# A2 - Language Model

In this assignment, I have build a neural language model that learns the structure, context, and style of a given text corpus and generates coherent text continuations.
I have implemented a Long Short-Term Memory (LSTM) based language model and evaluate it using perplexity.

### IMPORTS

In [None]:
import torch
import torch.nn as nn
import torch.optim as optim
import math

import torchtext
from torchtext.vocab import Vocab
from datasets import load_dataset
from collections import Counter
from tqdm import tqdm

device = torch.device("cuda" if torch.cuda.is_available() else "cpu") # Checking for GPU
print("Device:", device)

SEED = 1234 # Setting seed for reproducibility
torch.manual_seed(SEED)
torch.backends.cudnn.deterministic = True


Device: cpu


# Task 1 

#### Dataset Aquisition

In [18]:
dataset = load_dataset("the-rizz/the-rizz-corpus")
print(dataset)


DatasetDict({
    train: Dataset({
        features: ['text'],
        num_rows: 55422
    })
})


#### Dataset Description

Dataset Chosen: The Rizz Corpus
Source: HuggingFace Datasets
Link: https://huggingface.co/datasets/the-rizz/the-rizz-corpus

The Rizz Corpus is a text-rich conversational dataset containing short dialogue-style sentences designed to represent social and persona-based language.It is a collection of informal conversations taken from various social media apps.
It is suitable for language modeling because :

* It contains natural, informal language

* The text is diverse and context-dependent

In [19]:

# Saving dataset as .txt

output_path = "rizz_corpus.txt"

with open(output_path, "w", encoding="utf-8") as f:
    for example in dataset["train"]:
        text = example["text"].strip()
        if text:                     # skip empty lines
            f.write(text + "\n")

print(f"Dataset saved to {output_path}")


Dataset saved to rizz_corpus.txt


# Task 2

#### Dataset Splitting

Since the dataset only provides a single split, I manually divide it into:

* Training set (80%)

* Validation set (10%)

* Test set (10%)

In [20]:
dataset = dataset["train"].train_test_split(test_size=0.2, seed=SEED)
temp = dataset["test"].train_test_split(test_size=0.5, seed=SEED)

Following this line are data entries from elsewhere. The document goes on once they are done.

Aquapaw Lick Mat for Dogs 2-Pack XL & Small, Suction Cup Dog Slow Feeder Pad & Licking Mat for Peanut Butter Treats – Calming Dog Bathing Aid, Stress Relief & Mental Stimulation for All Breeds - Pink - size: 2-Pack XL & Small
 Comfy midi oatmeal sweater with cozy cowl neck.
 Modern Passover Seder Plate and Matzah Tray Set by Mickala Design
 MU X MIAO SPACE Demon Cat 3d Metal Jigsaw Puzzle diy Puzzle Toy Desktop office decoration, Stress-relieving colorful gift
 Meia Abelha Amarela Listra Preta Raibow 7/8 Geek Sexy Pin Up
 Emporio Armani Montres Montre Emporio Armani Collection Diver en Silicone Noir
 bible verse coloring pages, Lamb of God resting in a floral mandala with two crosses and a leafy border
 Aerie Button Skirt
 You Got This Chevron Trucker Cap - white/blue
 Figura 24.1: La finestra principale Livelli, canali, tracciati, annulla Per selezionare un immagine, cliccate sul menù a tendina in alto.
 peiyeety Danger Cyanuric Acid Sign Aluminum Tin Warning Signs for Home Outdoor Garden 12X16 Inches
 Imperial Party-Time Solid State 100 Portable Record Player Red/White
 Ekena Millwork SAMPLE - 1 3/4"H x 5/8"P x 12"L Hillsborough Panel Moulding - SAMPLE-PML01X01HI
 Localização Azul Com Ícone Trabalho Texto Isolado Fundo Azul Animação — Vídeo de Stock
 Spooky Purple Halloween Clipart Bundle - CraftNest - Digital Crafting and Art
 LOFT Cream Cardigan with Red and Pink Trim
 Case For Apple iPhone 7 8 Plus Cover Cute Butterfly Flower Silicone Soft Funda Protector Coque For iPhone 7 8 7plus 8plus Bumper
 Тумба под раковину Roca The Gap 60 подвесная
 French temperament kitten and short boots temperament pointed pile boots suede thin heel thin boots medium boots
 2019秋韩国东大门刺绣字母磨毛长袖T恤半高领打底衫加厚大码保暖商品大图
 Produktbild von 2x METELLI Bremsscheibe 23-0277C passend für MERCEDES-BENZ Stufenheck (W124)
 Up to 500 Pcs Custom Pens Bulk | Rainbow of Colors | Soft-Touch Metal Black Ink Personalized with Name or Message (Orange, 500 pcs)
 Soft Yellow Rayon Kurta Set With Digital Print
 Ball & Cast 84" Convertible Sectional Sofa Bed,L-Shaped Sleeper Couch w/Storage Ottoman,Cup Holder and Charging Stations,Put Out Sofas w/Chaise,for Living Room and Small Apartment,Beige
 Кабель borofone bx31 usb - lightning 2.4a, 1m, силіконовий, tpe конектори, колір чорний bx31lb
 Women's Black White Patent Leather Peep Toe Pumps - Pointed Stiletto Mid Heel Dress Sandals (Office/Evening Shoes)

train_dataset = dataset["train"]
valid_dataset = temp["train"]
test_dataset  = temp["test"]

print(len(train_dataset), len(valid_dataset), len(test_dataset))


44337 5542 5543


# Text Preprocessing

Before training the language model, the text data was cleaned and prepared using the following steps:

* Removing empty lines and lowercasing
* Some entries in the dataset were empty, so those were removed.
* All text was converted to lowercase to keep the vocabulary smaller and more consistent.

Tokenization - 
Each sentence was split into individual words using a simple space-based tokenizer.This converts raw text into tokens that the model can learn from.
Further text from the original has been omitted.